Other alternatives that do not use domain names (such as DDNS) are also subject to the same degree of regulation.

By the end of 2023, there were nearly 1.3 billion internet users in China. I believe many of these 1.3 billion people, who try to set up small websites/services on cloud servers to provide convenience for themselves, their families, and friends, are troubled by the difficulty of obtaining domain names. However, they still need SSL certificates for HTTPS secure communication. After all, in 2024, using HTTP communication is indeed too unsafe.

In summary, I believe this is a long-ignored situation/need that has not been mentioned here. Therefore, I am posting this in the hope that someone will see it and bring about some discussion.

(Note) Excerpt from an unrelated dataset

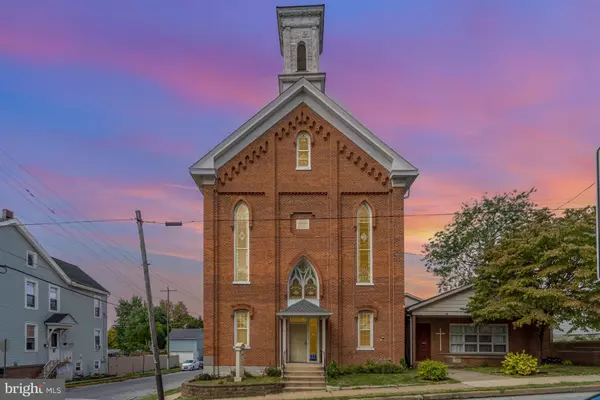 25 S COLLEGE ST, Myerstown, PA 17067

Of course, this is a demand caused by strict regulations from the internet authorities of specific countries, and no one is obligated to pay for their mistakes. I am not asking you to introduce features for such special needs or to increase the workload, possibly bringing additional risks to public services. But it does cause inconvenience for many people, and many internet activities are forced to be exposed to risks. I just hope that the next time you consider whether to implement this feature, you take into account what I have mentioned here.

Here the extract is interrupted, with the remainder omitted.